Between the Upton brothers, there’s enough talent to make the two perennial All-Stars, but attitude – that all-important intangible that separates the good from the greats – has held them back. Instead, they both parted ways with the teams that they came up with – B.J. via free agency, and Justin via an Arizona Diamondbacks organization that tried to shop him for years – only to be united on the Atlanta Braves.

Two underachieving potential stars with a lack of mental focus to take their game to the next level? Sounds like a disaster. So why are the Braves so ecstatic to have the Upton brothers on board?

Well, that’s because the perceptions about their attitude is just that – perceived. And both B.J. and Justin are determined to prove that to the baseball world, and their former teams.

By most standards, B.J. Upton should already be a star. Although his high strikeout rate and a reduced walk rate caused his OBP to dip below .300 for the first time in his career in “down” 2012, his power/speed combo is essentially unparalleled at his position. In fact, Mike Trout was the only other center fielder who reached the 25-30 mark last season, and BJ Upton’s 7.5 fWAR over the last two seconds ranks him in the top ten among his peers.

His days fighting with teammates and not going after fly balls is long over. In 2013, B.J. might just end up being the most underrated player to hit 30 homers with 40 steals ever.

As for Justin, that the Diamondbacks were so eager to shop the 25-year old is a move that’s still a bit of a head-shaker. J-Up is perceived not to play with intensity and an all-out grinding attitude, but he never wanted out of the lineup when a nagging thumb injury bothered him all of 2012. In another “down” year where he was hurt, Upton only missed a handful of games, and was only three homers and two steals away from another 20-20 season.

This is a 25-year old who was a 6.4 fWAR player with a .898 OPS at 23, and signed to a reasonable contract. To put it in perspective, only two other right fielders – Jose Bautista and Ben Zobrist (who isn’t a regular OF) – were more valuable than Upton’s 16.7 fWAR over the last four years. No other right fielder has scored more runs. He ranks fifth in stolen bases during that time, eighth in homers, and seventh in OPS.
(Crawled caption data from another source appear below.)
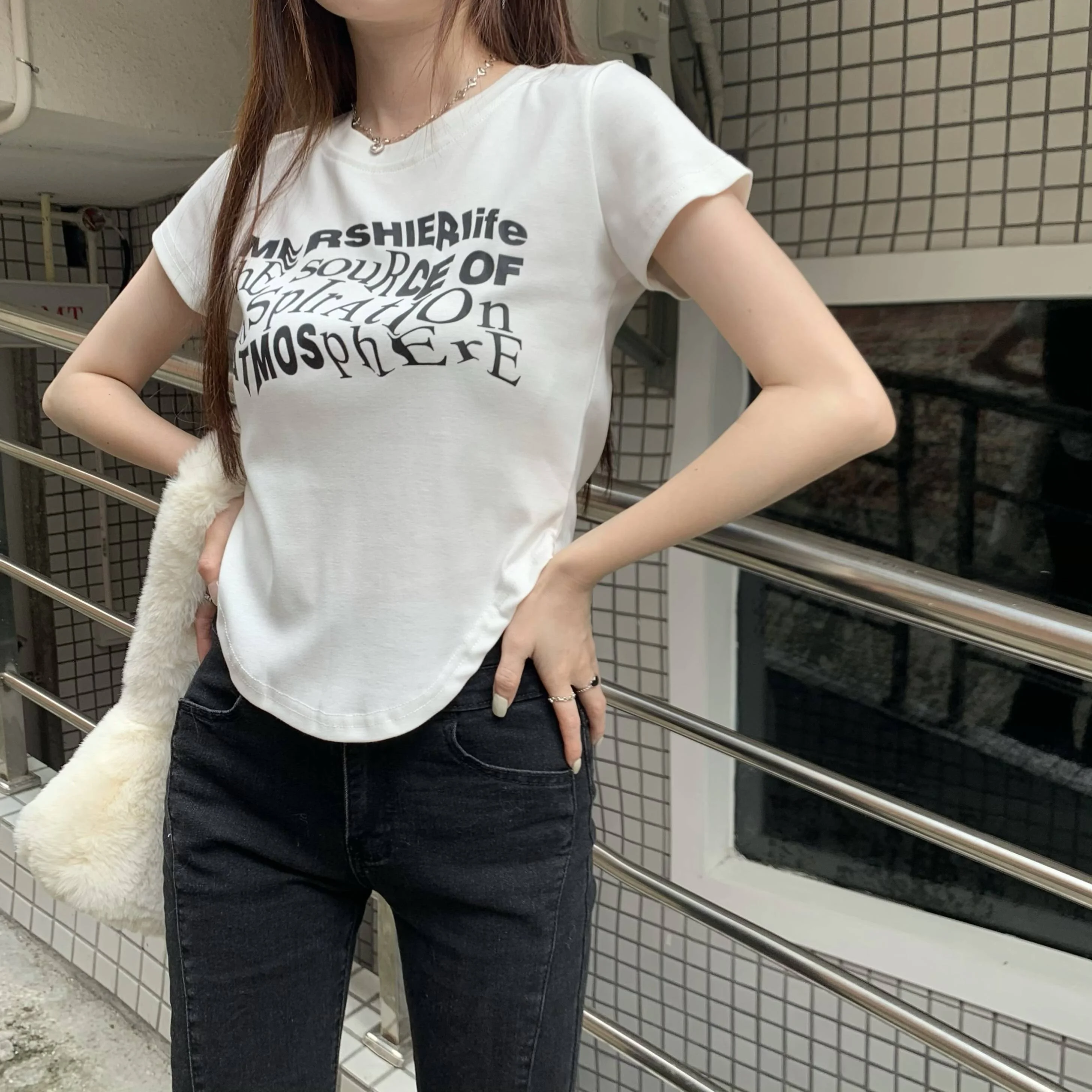 plus Size American Style Casual Short Sleeve T-Shirt Women Summer Vintage Slimming Design Shoulder Length Top Straight Cut
plus Size American Style Casual Short Sleeve T-Shirt Women Summer Vintage Slimming Design Shoulder Length Top Straight Cut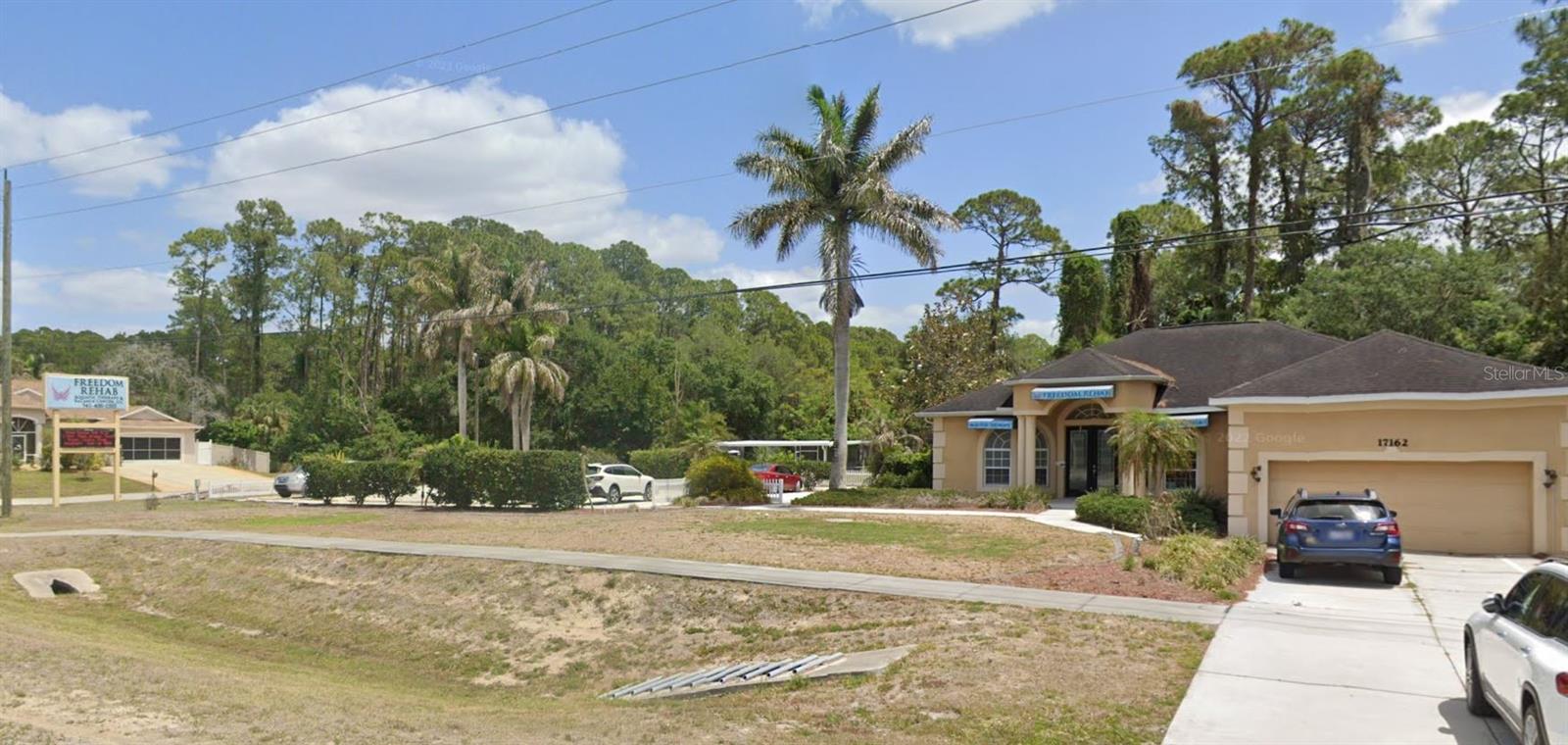 Office in PORT CHARLOTTE, FL - Daniel Dourado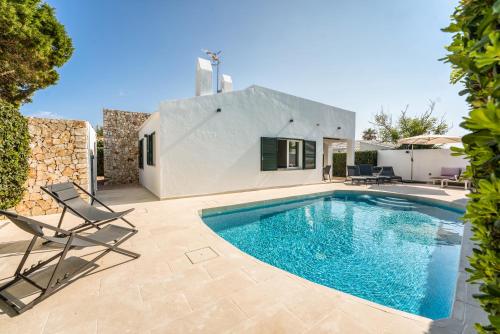 Can Carnero | Casa en Menorca con vistas al mar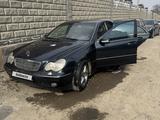 Mercedes-Benz C 200 2001 годаfor2 600 000 тг. в Алматы – фото 3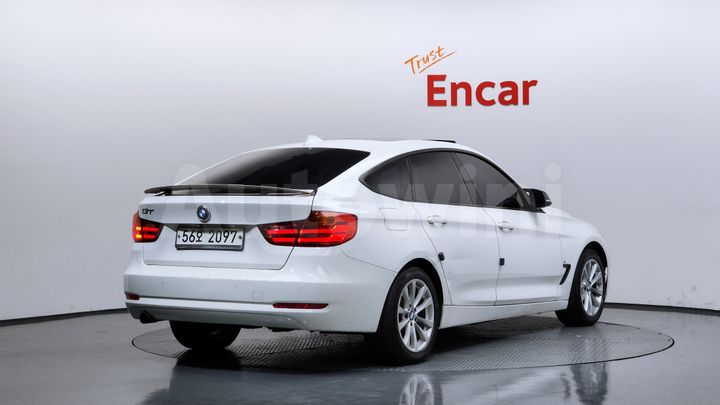 BMW 3 Series 2015 — 2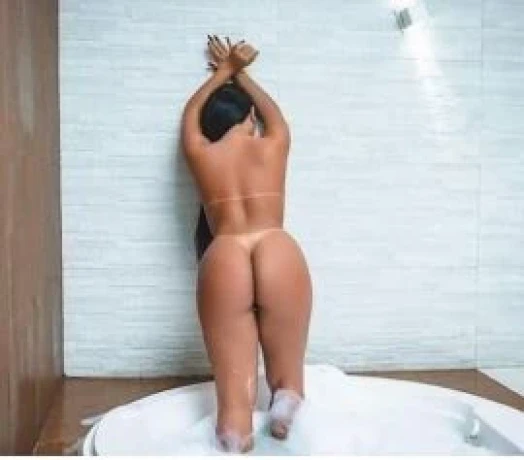 Jamily Silva — 1 / 6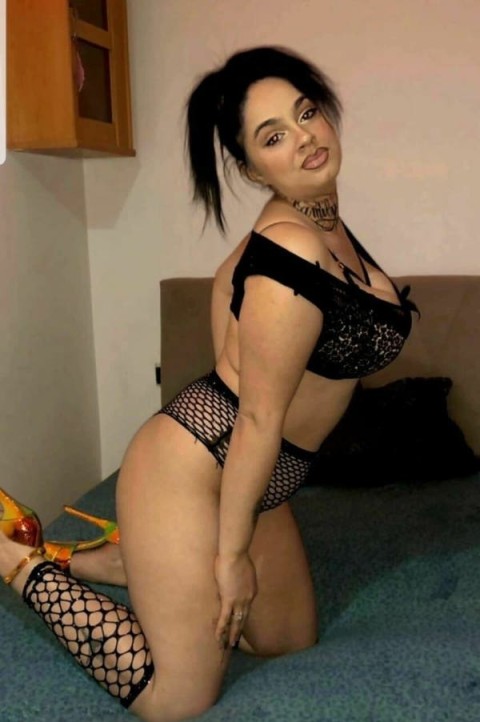 Maria, escortă roșcată naturală în Băneasa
In short, this guy is a star that any team should be happy to have at any age – that he’s 25 only makes his accomplishments more impressive. The Diamondbacks may get similar replacement value from Martin Prado next season, but that will change very quickly in the years afterwards as Upton enters his prime and Prado exits his.
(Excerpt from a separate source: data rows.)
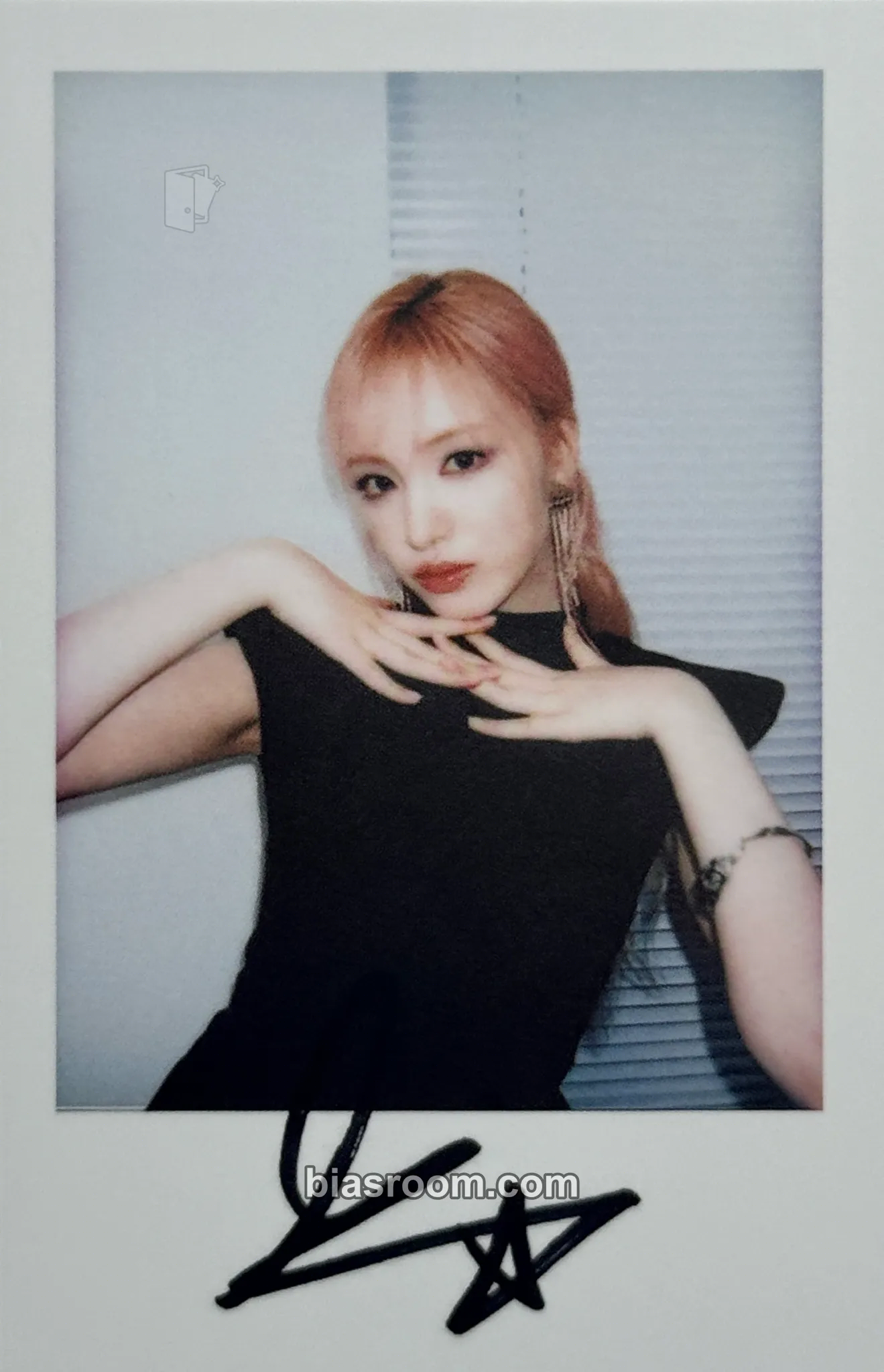 Liz LIZ x POWERCIRCLES Photocard - IVE - IVE K-pop photocard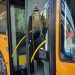 I’u ndalua qëndrimi pa maskë, qytetari i revoltuar thyen xhamin e autobusit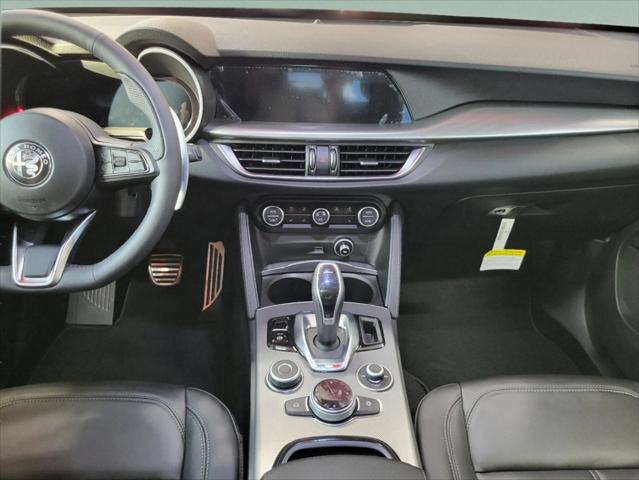 2025 Alfa Romeo Stelvio Sprint AWD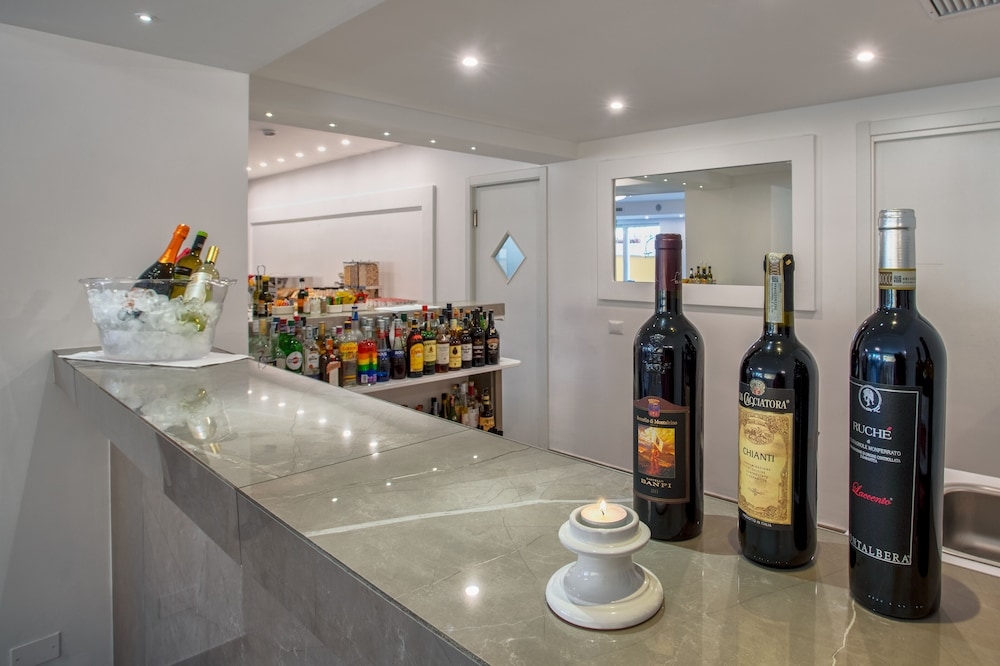 바(숙박 시설 내)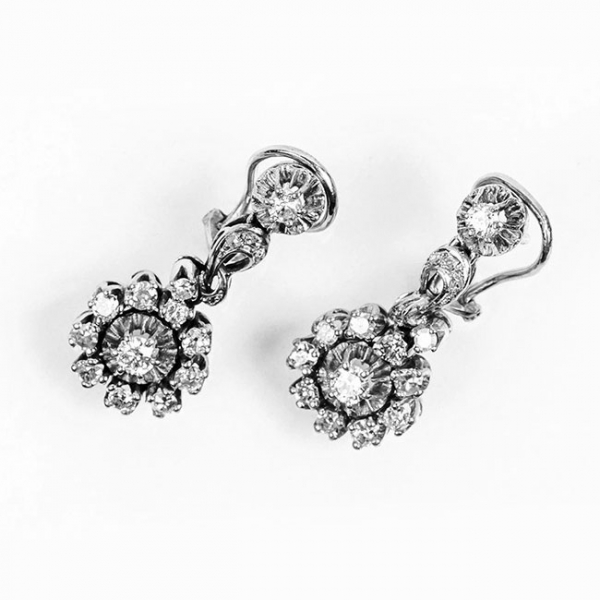 Pendientes vintage en montura de oro blanco o platino con diamante talla brillante en garras de ilusión y orla de diamantes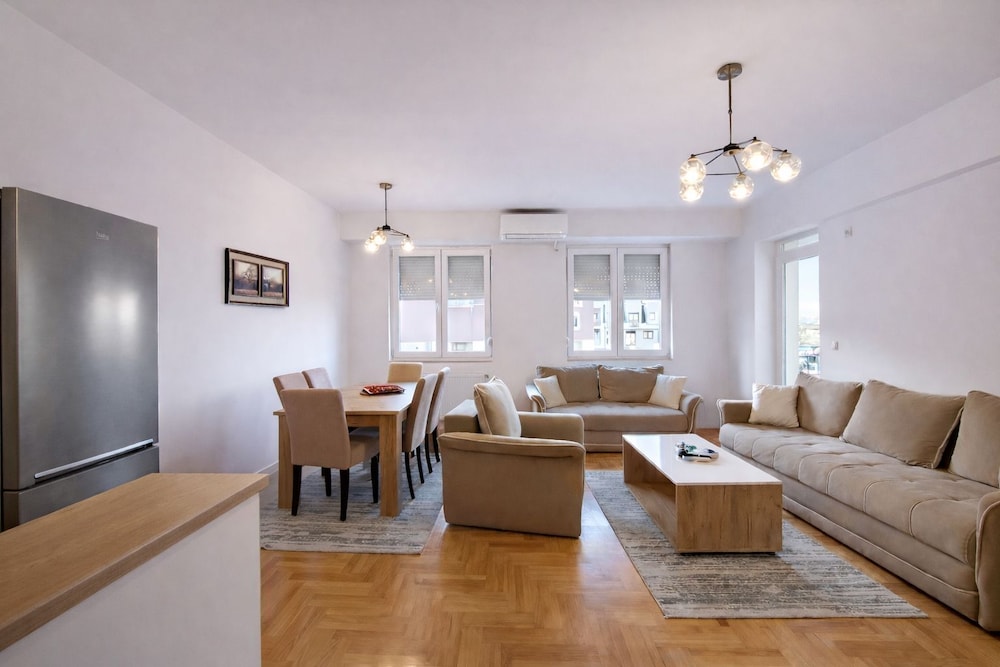 Urban Serviced Apartments 45/50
But apparently, that isn’t good enough. Teams think that the brothers both come with attitudes, and that’s what’s going to keep them down, despite well above average production at their respective positions.

Now together on Atlanta, the spotlight will be on them more than ever, and the brothers will be looking to show that the attitude problems are more conjuration than truth at this stage of their careers.

And that should be good enough to put the rest of the NL – even the mighty Washington Nationals – on notice.